Mabyn smiled. “The real life sounds fantastical itself. Just the tales of that old trunk! Imagine having to hide in it all night from Mafia casino owners. Really, what a life Ford’s led, compared to mine. Well, compared to most, I’d wager. But, of course, I needn’t tell his biographer that, need I?”
Theo laughed out loud. “Actually, I hadn’t heard anything about the Mafia.”
“No? In Las Vegas?” Father Mabyn proceeded with enthusiasm to tell the convoluted, and undoubtedly entirely fabricated saga, a few episodes of which Ford had clearly lifted from Desert Slow Dance.
Theo looked across the little table at the plump, red-cheeked priest. “You liked Ford a lot, didn’t you?”
Mabyn’s kind smile spread over his face. “I did. I will be proud to tell my grandchildren someday—yes, yes, Mrs. Roberts, if I ever manage to find a wife in time to have any; needn’t look so pointedly—I will tell my grandchildren with pride that I, an undistinguished cleric in an insignificant little town, was kidnapped one day by the great American playwright, Joshua Ford Rexford.
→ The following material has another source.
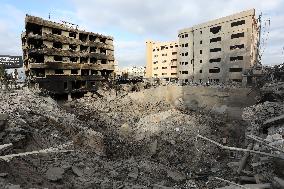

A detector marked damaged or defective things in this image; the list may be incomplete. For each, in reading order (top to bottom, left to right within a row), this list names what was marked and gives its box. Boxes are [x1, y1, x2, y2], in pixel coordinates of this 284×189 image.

I only wish…” The vicar put down his fork and knife and looked with surprising sadness across at Theo. “I wish God had given it to me to have been of some help to him. That I’d been, well, clever enough or deep enough to help. He is a very unhappy man. Almost in despair, I think, for all his marvelous love of life.” Mabyn reached out his hand. “Please. I hope you won’t consider it presumptuous of me to say that, a comparative stranger. To someone who, well, who loves him so deeply as I know you do.”
“No.” Theo shook his head. “And I’m very glad he met you.”
“There is,” the vicar said, “I believe, at least—there is more real goodness in the world than people think. And less real greatness. God gave Ford—and how Ford kicks at the thought—God gave him that rare gift of great talent.” Mabyn held up his pudgy fingers, tracing them slowly across the air, much as he had rubbed the fading words of the stone in the churchyard. “And I believe, as his friend ‘Will’ said—abandoning all pretense of Christian humility, we must admit—‘Not marble, nor the gilded monuments / Of princes, shall outlive this powerful rime.’” The vicar’s fervent green eyes gleamed in the candlelight. “I believe Ford Rexford will last like that. Whether he knows it or not.”
Theo rubbed his hair. “Oh, he knows it. How could he not? The jackass can read. Knowing doesn’t seem to help much, though, does it? I mean, with this life.”
“Oh, this life. No, so far, he has royally messed up this life.” The vicar peered into his glass as if the temporal world were in there with the port. “But fortunately, he is mistaken about its limits, too.” He raised his wine glass. “To Ford Rexford! Here’s dirt in your eye, partner!”
“Mud.” Theo toasted Ford.
The next morning, Father Mabyn helped wedge the large trunk into the back of the car. “Tell him he’s in my prayers,” said the vicar.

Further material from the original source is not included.